Seminars

Tom Stuttard: Neutrino oscillations and quantum gravity with IceCube

Europe/London
Niels Bohr Common Room (Schuster)

Niels Bohr Common Room

Schuster

Description

The IceCube Neutrino Observatory, along with the more densely instrumented DeepCore sub-array, detects both atmospheric and astrophysical neutrinos of all flavours across a huge range of energies (GeV to PeV), baselines (km to cosmological) and matter profiles. Although the observatory was originally designed to search for astrophysical neutrinos, during the last decade physicists have been increasingly exploiting this unique detector as a powerful particle physics laboratory.

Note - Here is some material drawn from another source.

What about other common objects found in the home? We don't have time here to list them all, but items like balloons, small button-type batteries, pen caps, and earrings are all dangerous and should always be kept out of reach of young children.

The vast detector size and copious atmospheric neutrino flux affords measurements of neutrino oscillations with statistical power far beyond dedicated accelerator experiments, whilst the high energy reach gives world-leading sensitivity to a range of BSM scenarios.

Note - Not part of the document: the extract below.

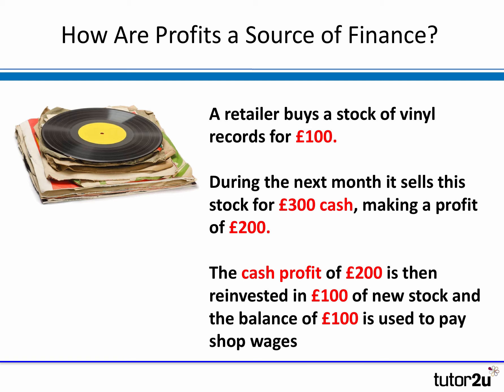We've got a retailer — one of those record shops. The retailer has bought some stock of vinyl records and paid £100,000 for the stock, which gets put into the store. The customers come in, buy their records, and he sells that stock for £300,000 cash going into the till. So he's bought stock for £100,000 and sold it for £300,000 in cash, which means he's made a profit on that stock of £200,000.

In this talk I will present new results from IceCube-DeepCore’s neutrino oscillation program using the latest 10 year datasets, and highlight the complementarity of these measurements with other global oscillation results. I will then show how searches for modified neutrino flavor transitions at high energies can probe a range of scenarios motivated by quantum gravity, providing rare experimental constraints on Planck scale physics. Finally, I will introduce the IceCube Upgrade program that will provide next-generation measurements in the next few years.

 

The seminar will be given in person in Niels Bohr, Schuster.